Memory for news, events, memes, blog posts, can be expected to decrease as exposure to these media items increases; being able to remember only so much, more text, sounds, and images leads to a lower absolute number of these items being remembered. Our Surfer may remember an exemplar of a type of media item. A particularly popular Star Wars meme, or a blog post that said something just so, may function as the memory handle on a whole slough of similar and possibly inferior items.

Each type of media item is like the song on the radio: you've seen one of the type, and you've seen them all. Seeing one of a type is hearing the song again. As we scan the Web, “turning the dial,” we hear the same song many times. Songs come into and fall out of favor rapidly, and we may forget we've even heard the song.

I use the radio analogy not only because it struck me first; the radio is entertainment used to collect advertising revenue. The Web is entirely entertainment: news, activism, shopping, Internet radio and streaming video – all are entertainment. “What about online education!

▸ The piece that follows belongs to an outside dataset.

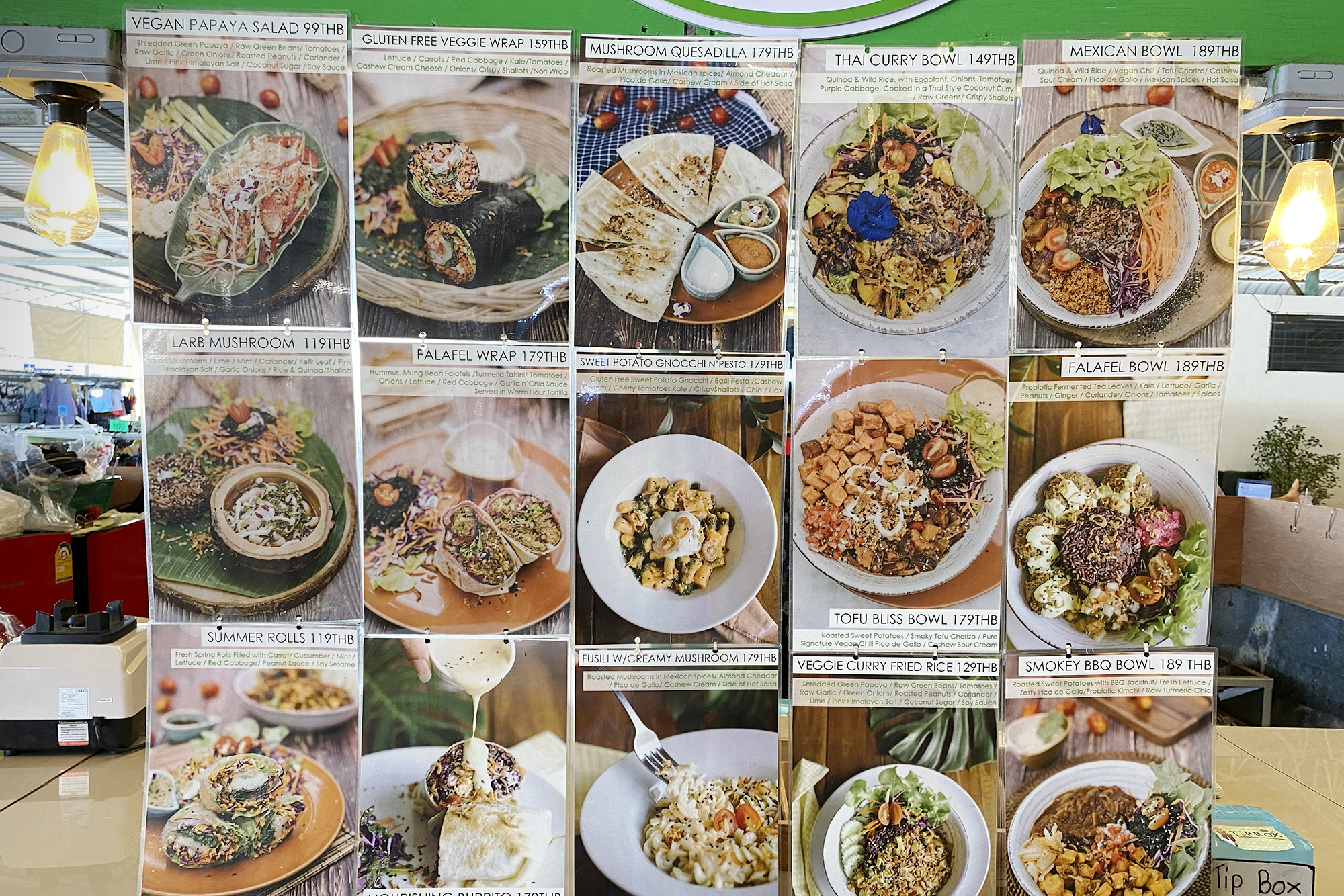 Часть меню Pure Vegan Heaven на фуд⁠-⁠корте в Тонг Сала, где мы часто бывали. На завтрак мне нравилось брать асаи⁠-⁠боул, на обед — фалафель⁠-⁠боул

What about moocs?” I am impatient at having to say it again: the entire Web is entertainment. What is not entertainment is not the Web; it is something else for which I have no name.

A final note: when thinking of blog posts as songs, we formed a schema of the song from the different, similar blog posts. Future radio may be used (to collect advertising revenue) to broadcast or to stream songs that have been altered by a computer, in such a way that no two plays are identical. In the first case, “out of many, one”; in the second, from one, many.

Thursday, June 1, 2017

One-Dimensional Places: An attempt at a phenomenology of the rest-stop affordances of the roadside attraction, generalizing from an example

Let's say I was sitting on some rocks beside the rock staircase leading to an overlook, reading Jean Baudrillard's Simulacra and Simulation, and I overheard a man speak; I'm not saying a man with his wife said the following, as they began their way up the stair:
“Why don't you just use the rest room, walk up the stairs, and leave, like everybody else? Bring your extra pillow, make yourself comfortable; reservations close at five o'clock.”
I am saying he might have, and so now we are in the realm of philosophy!

The empty picnic table, the well worn but unoccupied trails, the rocks beside the staircase, are decoration to most. "This is not a park"; this is another rest-stop on a drive across a state. Use of these amenities is, socially, implicitly forbidden. The disappointment of the one who sees the picnic table occupied by a single human form: “We don't actually want to stop here at the table, though you are preventing our possible use, and so you must go.”

The single human form is anathema to most, in a circumstance such as this one. “Truth begins with two,” Nietzsche wrote. Leaving aside that “I am legion,” I am carrying Baudrillard's book; I am not alone though I am a single (“embookened”) human form. The single human form: the image of the crazed serial killer. The book (and not this book only): subversion incarnate.

What sights, sounds, scents, coruscations of touch would this brave gentleman have foregone, to have been able to speak of a single human form reading a book in a somewhat natural setting, this way? In his mind, who knows what catastrophe he averted by making clear that he was unhappy at the prospect of sharing oxygen and vicinity with a “strange” human form? Fear; pacification of existence. One removes the other, and the other the one.

I got up and left; we two were not slated to be friends. What catastrophe I have averted in my imagination! I did not get into a conflict with another human being. I know that single human form better than he; surviving attempted murder was never anything I'd planned on, and it was that single human form I did not heed, that made the five scars in my body (“defensive wounds.”) It is that single human form that, as far as I know, as far as I can know, is still haunting entrances to parks.

Look at what has just happened: objective ambiguity. Marcuse, in One-Dimensional Man, gave a few examples of this. Assessing from two points of view neutralizes all objections. Yet this is still an irrational rationality. What do any of you dialectical thinkers have to say? 

I do not believe in “neutral” or “indifferent” worlds. Once something exists, it has an essential orientation, even if it exists only as possibility or impossibility. The pencil does not balance on its point. It was not intended to; that is not the design intent of a pencil. Perhaps some skilled pencil-balancer is out there; then, it would be that single human form's essential orientation, and so on. There is no zero-point, all is flux; or, zero is never reached without being left, once more, immediately or nearly so. The world is not digital, though this picnic table is a simulation.


I came back, circling around, to the picnic table, and returned to where I began, knowing it for the first time. And I've left out of fear of – the police and the madhouse!